- [Raw data]
----------------------------------------

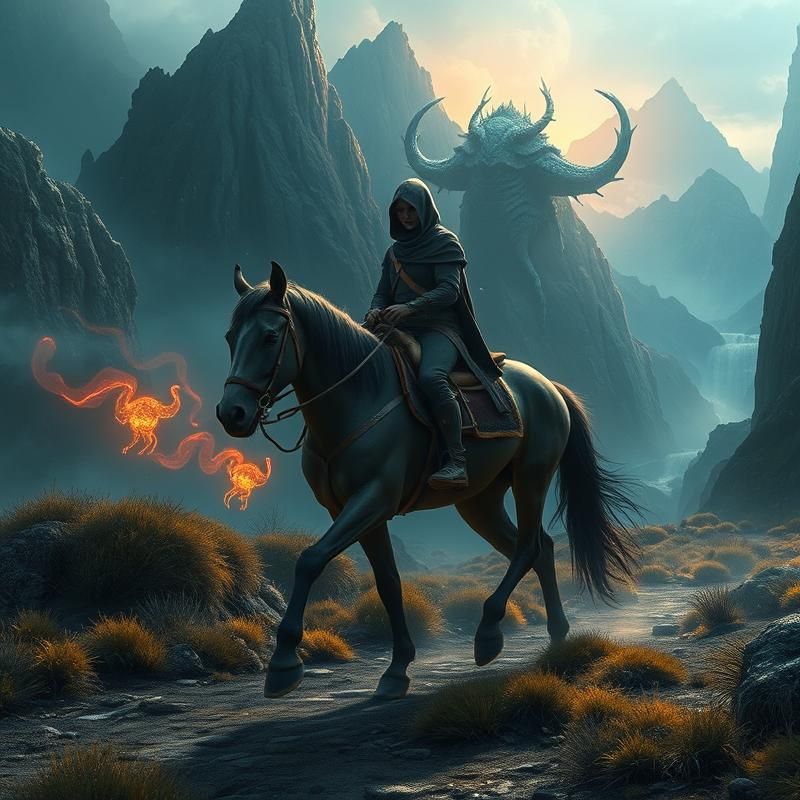 fantasy art style AI art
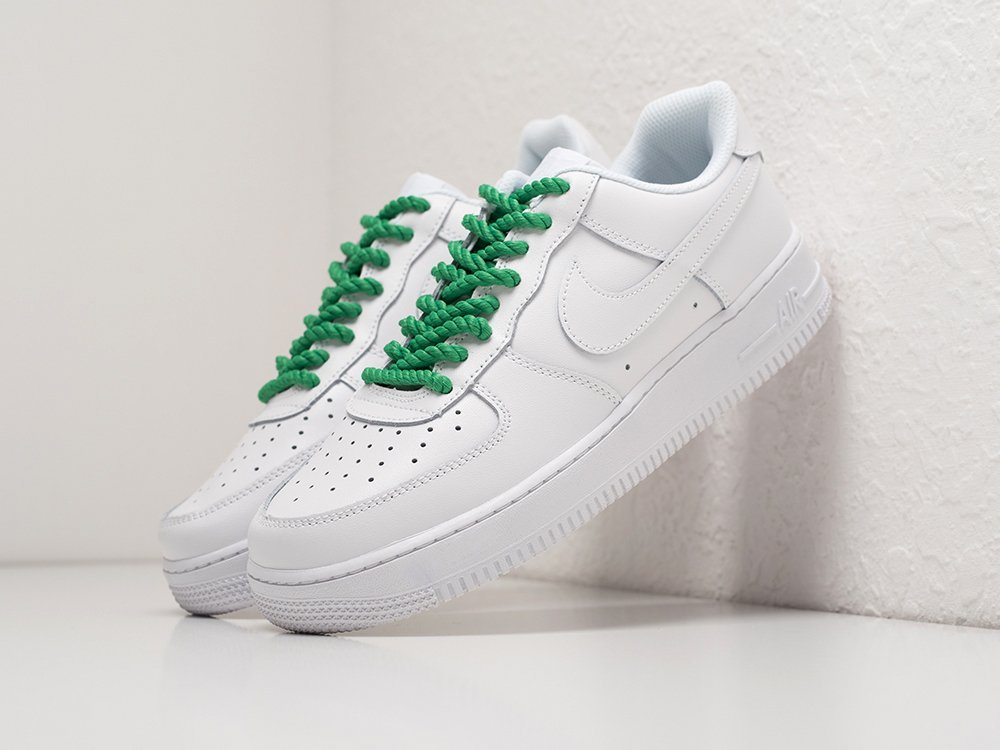 Nike Air Force 1 Low белые кожа мужские (AR29228) - фото 2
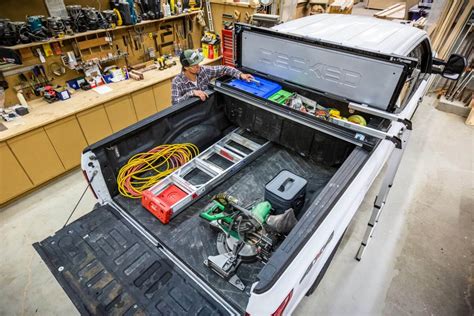 How To Organize Truck Tool Box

----------------------------------------

All of the material above must be retyped exactly, line for line, with the images dropped.

- [Result for this exercise]
 fantasy art style AI art
 Nike Air Force 1 Low белые кожа мужские (AR29228) - фото 2
 How To Organize Truck Tool Box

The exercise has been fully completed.